▶ Directions: Take the whole listing and reproduce it exactly, pictures excepted.

▶ Dataset extract:
▽
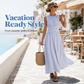 👗 Női Casual Csíkos Maxi Ruha Ujjatlan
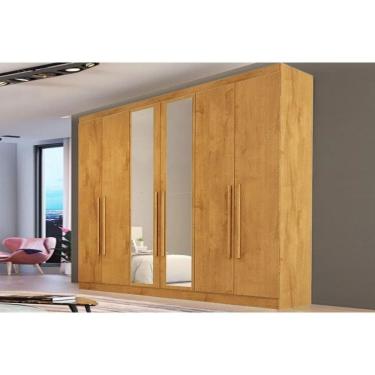 Imagem de Guarda Roupa Casal 6 Portas (2 C/ Espelho) E 4 Gavetas Oslo Peroba - Europa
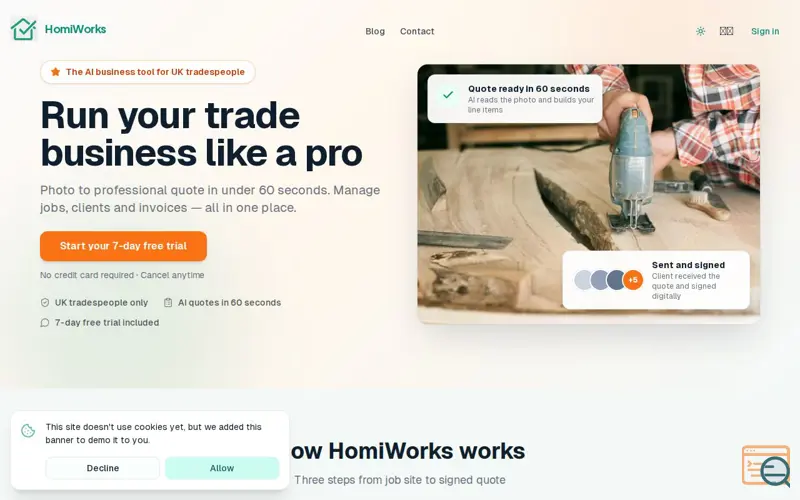 Screenshot of HomiWorks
△
▶ Result:
 👗 Női Casual Csíkos Maxi Ruha Ujjatlan
 Imagem de Guarda Roupa Casal 6 Portas (2 C/ Espelho) E 4 Gavetas Oslo Peroba - Europa
 Screenshot of HomiWorks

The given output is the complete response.